We had reached Makkah. Our hearts were shivering with fear and anticipation. Perhaps Farhan was fearful due to other reasons, but for me, I was fearing the distance between me and Kaaba. Only the ones Allah allow can see it.. Am I one of those? What if I will die in these last few steps? What if I become the victim of some car crash or heart attack or whatever and people will remember me and say, Allah ka bulawa nai tha. At that moment I was frantically assessing my worth. What have I done to earn Allah’s approval to see His Home? I had hope in His Mercy hence I had ventured on this brilliantly spiritual experience of my life. But those last steps were the heaviest for me. The burden of my sins were weighing on my shoulders. My legs felt like heavy iron that I could only drag. My senses started to lose me. In those last few steps, the fragility of my life was the most overpowering feeling. My heart was more alive than it had ever been. My eyes were dazed to see everything and nothing all at once. A kind friend Mr Ismaeel was leading the way through the masjid as we both, me and Farhan , walked with lowered eyes towards Kaaba, the symbol of our ibaadat and faith. And then I heard him say, “Mr and Mrs Farhan, please look at the most magnificent sight of your life”. That was the moment I had dreamed of for months and months. All at once my heart felt like it would burst with love, happiness, anticipation, fear, and so many other feelings that I am not capable to express in my rather limited vocabulary. I looked up and felt arrested. There the Kaaba stood, magnificent, magnanimous, brilliant. It stood as it always had stood and I watched it as I had always stood rooted at the spot all my life. I had never seen something so naturally healing, so welcoming, so full of love. I had never seen a place so alive. It seemed as if all the hearts beating around it had a rhythm. And the miraculous part was, your own heart would resonate perfectly with it. Anywhere my eyes would wander, if my eyes could ever wander from Kaaba, I saw love completely centered at one place. Hearts all connected to that one epitome of our faith; the place where all our prophets came and prayed, the supremely blessed ground around Kaaba where all prophets had made tawaaf.

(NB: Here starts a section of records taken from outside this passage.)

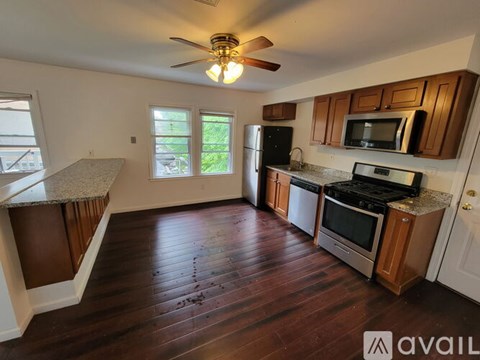 A kitchen with wooden cabinets and a black refrigerator.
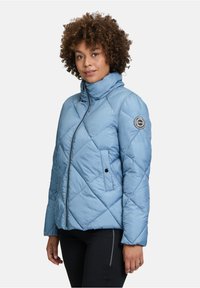 Błękitna pikowana kurtka z wysokim kołnierzem, pełnym zapięciem na zamek i bocznymi kieszeniami. Posiada naszywkę z logo na lewym rękawie oraz gładką teksturę.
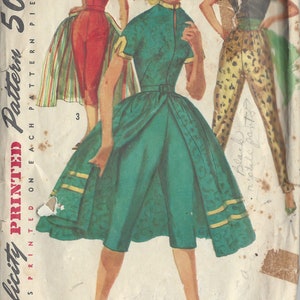 Peut inclure: Patron de couture vintage pour une robe verte avec un col blanc et des finitions dorées. Le patron est imprimé sur un fond blanc avec du texte noir qui indique "Simplicity PRINTED Pattern 50c".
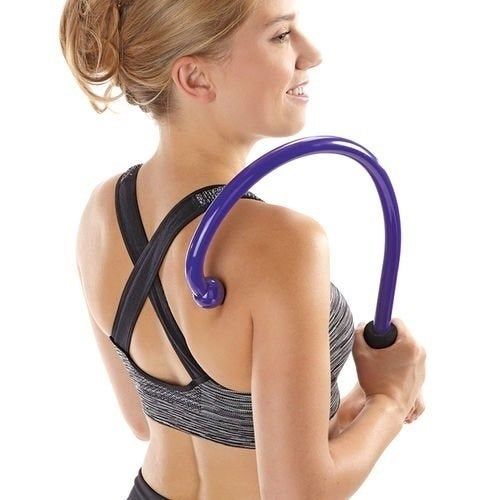 A person demonstrating the large hook-shaped massager on their mid-back and shoulders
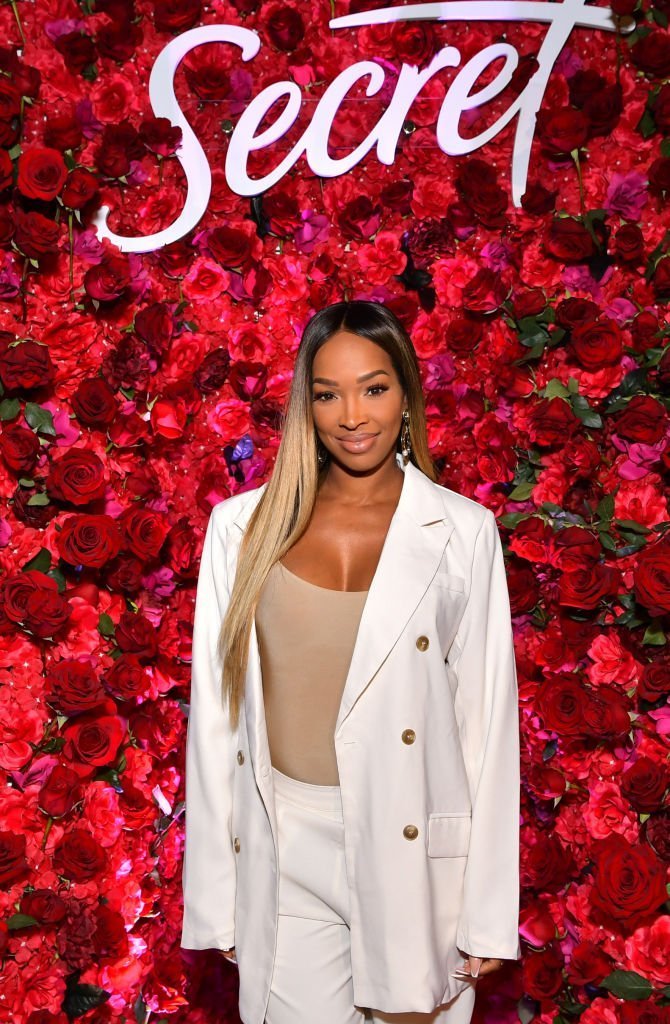 Malika Haqq poses during the launch party for Secret with Essential Oils on October 1, 2019. | Source: Getty Images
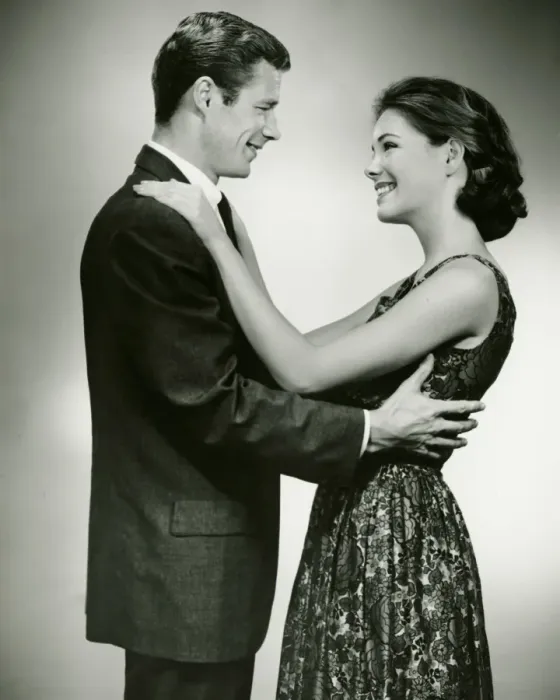 Framed Print : Young couple standing face to face, smiling, in studio, (B&W)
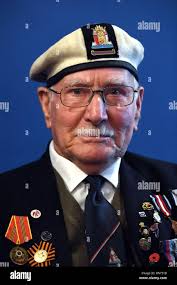 World War II veteran Ernie Lamson, 95, poses with a combat medic reenactor  before the Kenneth Moore and Robert Wright memorial ceremony, June 3, 2017,  in Angoville-au-Plain, France. This ceremony commemorates the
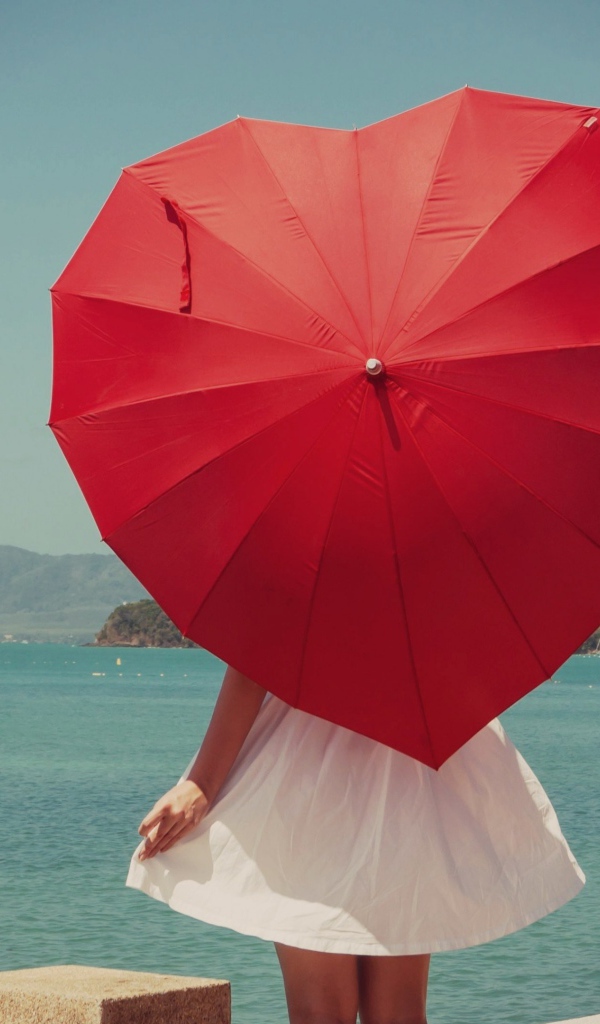 Молодая девушка с красным зонтом в форме сердца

All my definitions of what love is broke at that moment and I felt, oh, this is what it feels like to be home. I had never felt so much at peace. I had always asked Allah to show me His Mercy. At that moment, I realized what His Mercy truly is when He invites sinners like us to His Home to perhaps reform us, and send us back full of blessings and bounties.
My mother asked me to write about my Umrah experience. I have been unable to articulate one single such feeling. This post is dedicated to her and her constant prayer for me to be someone better than today.